● **EXERCISE PROMPT**
The answer must be an exact copy of the lines from the one containing "Продам солнцезахістні жіночі окуляри4 фото" through the last line of the records, with the pictures left out.

● **THE DATA**
Start of Block

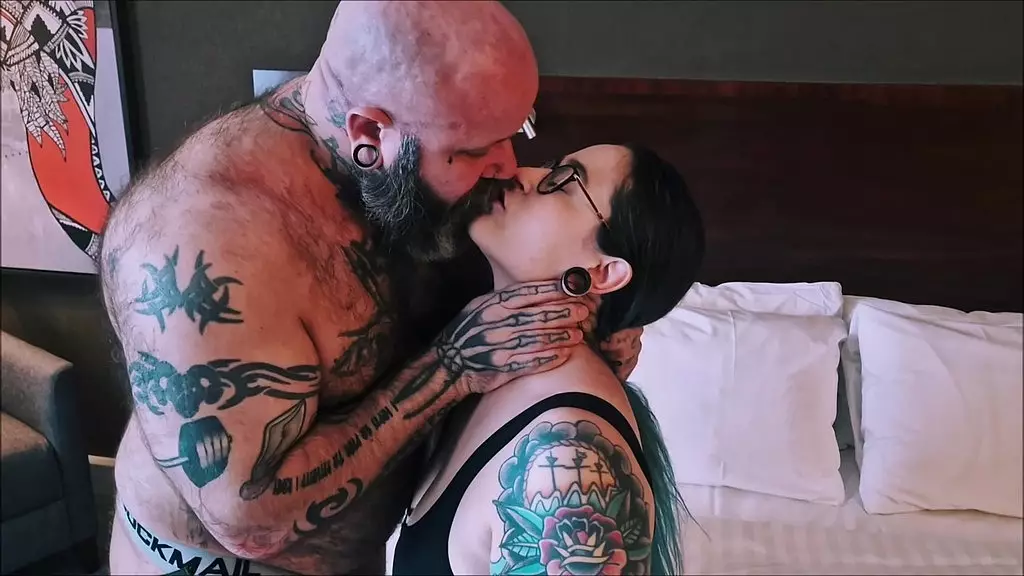 submissive elizabethhunny deep throat & fucked rough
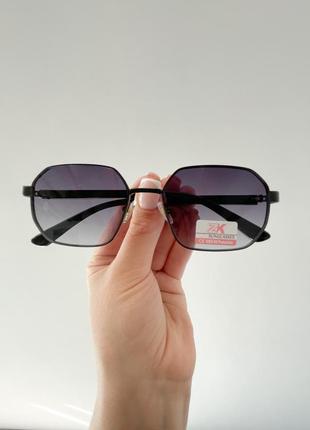 Продам солнцезахістні жіночі окуляри4 фото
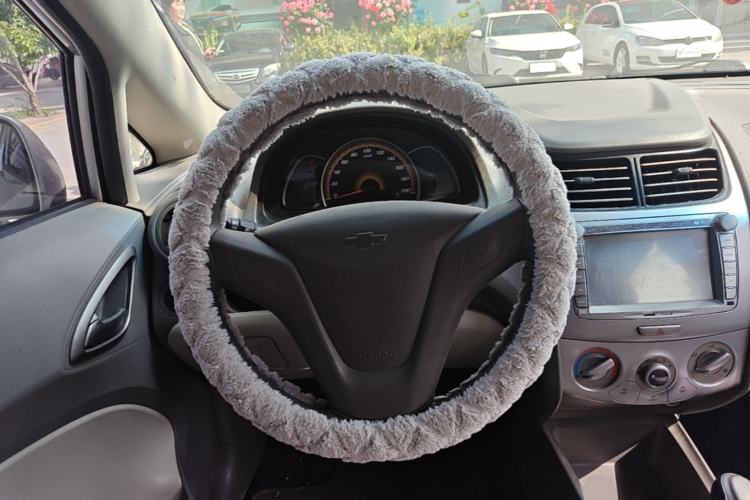 Used Chevrolet Sail 2013 Sedan 1.4L AMT Enjoy Edition Steering Wheel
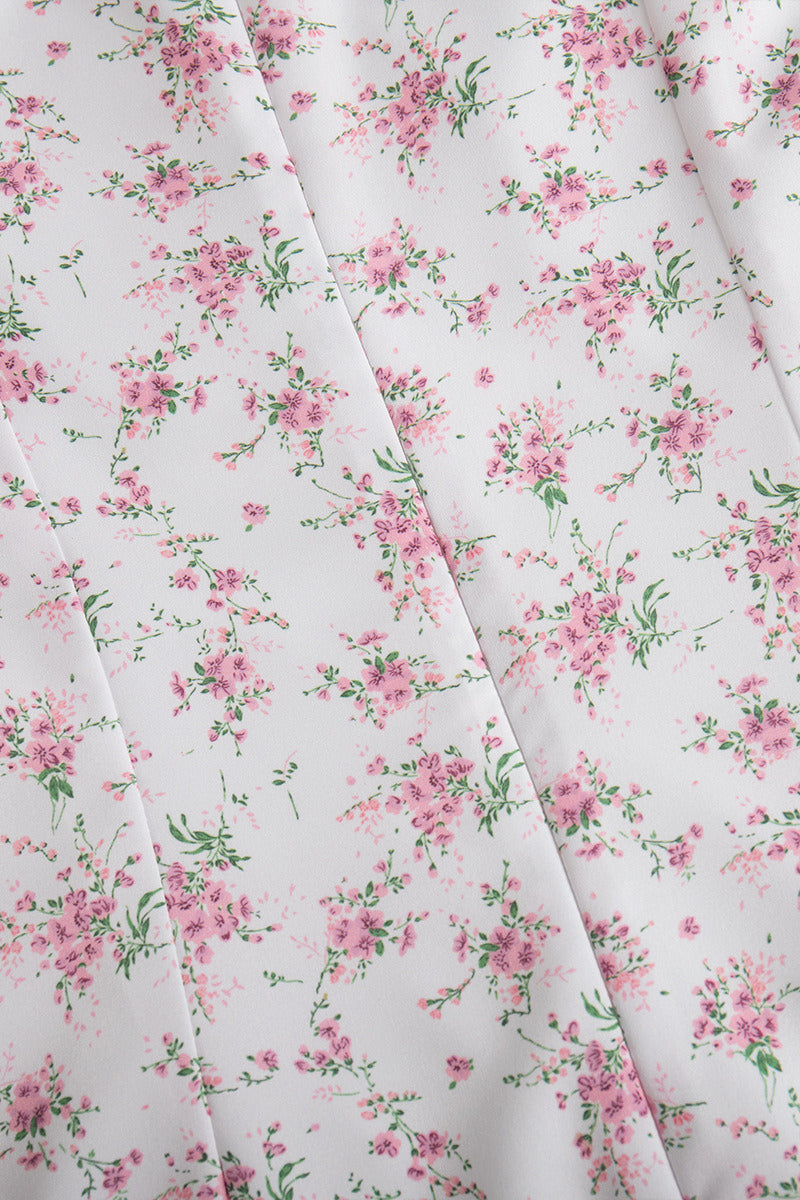 Vestido floral ajustado con escote en V, hombros marcados, cintura alta y mangas cortas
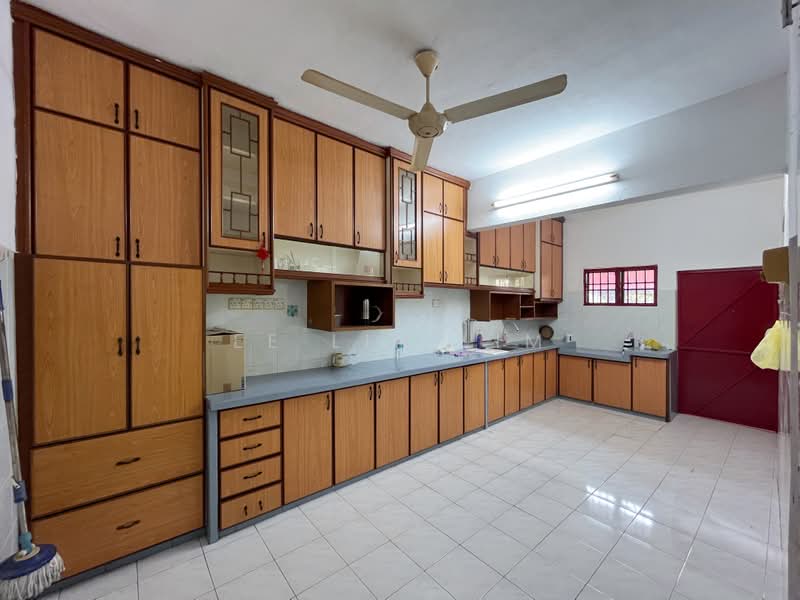 2-storey Terraced House for Sale in Island Glades (Jelutong) - Ee Lin Lim - PropertyGuru.com.my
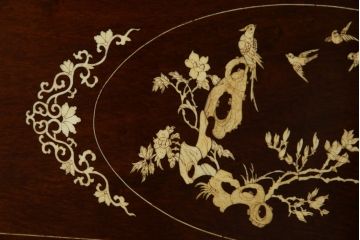 アジアンビンテージ　花梨(カリン)材　上品なデザインの象嵌入りライティングビューロー(ワークデスク、簿記机、収納棚、戸棚、在宅用、在宅ワーク用、引き出し)(R-072600)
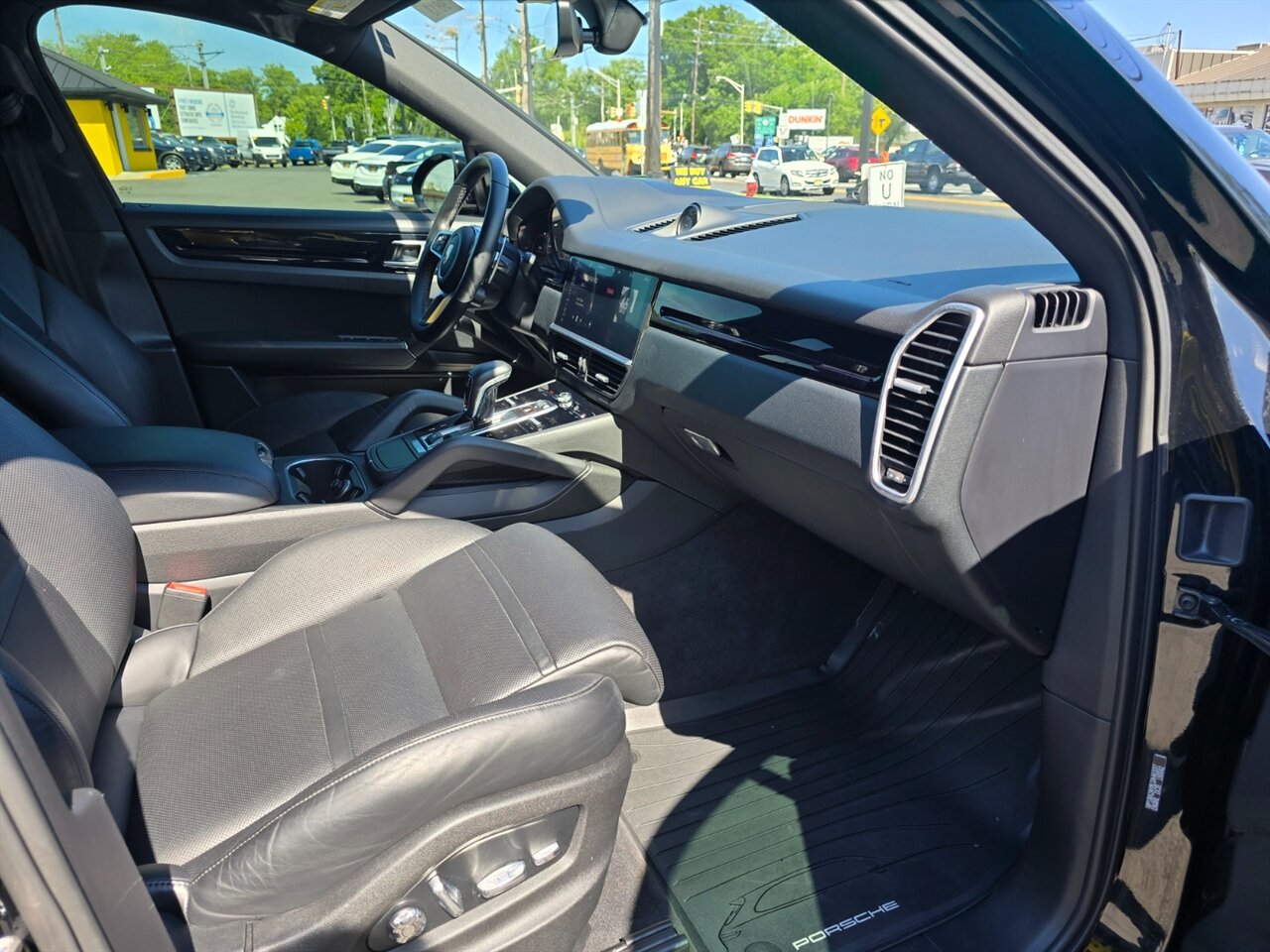 2020 Porsche Cayenne Coupe - Photo 14 - Red Bank, NJ 07701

End of Block

● **WRITTEN ANSWER**
 Продам солнцезахістні жіночі окуляри4 фото
 Used Chevrolet Sail 2013 Sedan 1.4L AMT Enjoy Edition Steering Wheel
 Vestido floral ajustado con escote en V, hombros marcados, cintura alta y mangas cortas
 2-storey Terraced House for Sale in Island Glades (Jelutong) - Ee Lin Lim - PropertyGuru.com.my
 アジアンビンテージ　花梨(カリン)材　上品なデザインの象嵌入りライティングビューロー(ワークデスク、簿記机、収納棚、戸棚、在宅用、在宅ワーク用、引き出し)(R-072600)
 2020 Porsche Cayenne Coupe - Photo 14 - Red Bank, NJ 07701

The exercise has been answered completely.